At the same time, victims were warned they could be branded a “troublemaker” if they continued to raise their concerns. Marsha described how she was advised by well-meaning colleagues to not complain about unwanted sexual attention:

Their view was that, if this gets out, I would be the girl who accuses men of coming onto her.

Thus sex-based harassment is not just the result of one individual’s actions. In each of the cases we encountered, managers, HR personnel, and ordinary colleagues were complicit in silencing victims.

This not only created a safe haven for perpetrators, who were able to avoid punishment. But victims were left feeling confused and unsupported, often leading to disengagement from work and withdrawal from the social fabric of the organisation.

Breaking the silence

To end these damaging effects of silencing, it is not only important to have channels for people to report harassment, it is also crucial to ensure that victims feel heard, their concerns validated, and their complaints taken seriously.

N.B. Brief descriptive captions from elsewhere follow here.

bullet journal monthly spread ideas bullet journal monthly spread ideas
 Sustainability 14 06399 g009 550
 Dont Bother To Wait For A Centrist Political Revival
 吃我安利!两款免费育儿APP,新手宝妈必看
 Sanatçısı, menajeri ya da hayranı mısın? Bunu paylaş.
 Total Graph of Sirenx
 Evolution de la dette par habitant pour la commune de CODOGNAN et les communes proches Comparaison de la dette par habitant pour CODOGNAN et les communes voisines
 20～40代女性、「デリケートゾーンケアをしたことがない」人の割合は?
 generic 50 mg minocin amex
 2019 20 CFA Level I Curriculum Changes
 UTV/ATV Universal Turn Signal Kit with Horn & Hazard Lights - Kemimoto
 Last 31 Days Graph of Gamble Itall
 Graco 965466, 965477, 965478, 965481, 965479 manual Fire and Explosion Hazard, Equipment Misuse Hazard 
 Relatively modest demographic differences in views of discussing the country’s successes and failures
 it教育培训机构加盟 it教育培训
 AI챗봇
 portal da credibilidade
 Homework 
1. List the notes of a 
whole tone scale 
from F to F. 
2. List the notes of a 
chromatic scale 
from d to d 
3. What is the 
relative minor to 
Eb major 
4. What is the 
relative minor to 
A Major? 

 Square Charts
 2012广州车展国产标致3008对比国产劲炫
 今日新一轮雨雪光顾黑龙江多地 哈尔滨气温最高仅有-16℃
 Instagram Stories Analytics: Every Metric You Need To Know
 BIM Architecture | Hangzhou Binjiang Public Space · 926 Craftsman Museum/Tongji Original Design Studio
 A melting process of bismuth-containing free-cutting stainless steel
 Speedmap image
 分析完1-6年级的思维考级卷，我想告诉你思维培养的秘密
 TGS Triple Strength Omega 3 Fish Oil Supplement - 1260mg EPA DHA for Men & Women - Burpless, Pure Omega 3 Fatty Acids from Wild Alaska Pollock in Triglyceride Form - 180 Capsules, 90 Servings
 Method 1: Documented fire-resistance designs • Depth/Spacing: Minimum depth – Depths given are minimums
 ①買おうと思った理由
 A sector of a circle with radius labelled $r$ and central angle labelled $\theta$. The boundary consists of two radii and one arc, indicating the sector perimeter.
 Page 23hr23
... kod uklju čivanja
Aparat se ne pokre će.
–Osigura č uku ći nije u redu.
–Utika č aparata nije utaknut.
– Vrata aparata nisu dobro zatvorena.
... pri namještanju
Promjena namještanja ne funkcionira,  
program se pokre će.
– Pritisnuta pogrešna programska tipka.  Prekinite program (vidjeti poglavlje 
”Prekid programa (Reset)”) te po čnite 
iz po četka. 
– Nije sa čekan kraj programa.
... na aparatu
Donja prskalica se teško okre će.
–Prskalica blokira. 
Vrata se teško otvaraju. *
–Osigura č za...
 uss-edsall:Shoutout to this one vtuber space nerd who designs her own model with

They should be assured that action will be taken to hold culprits accountable and to prevent such cases from happening again. If people believe that injustice is covered up by the organisation, this can negatively affect their commitment and motivation.

People should also reflect on how they respond to colleagues’ concerns and know that their actions have repercussions. By encouraging colleagues to remain silent, they help to create a culture of harassment that means for every damning headline, there are many more cases that go unreported.

*All names have been changed to protect the identity of the interviewees mentioned.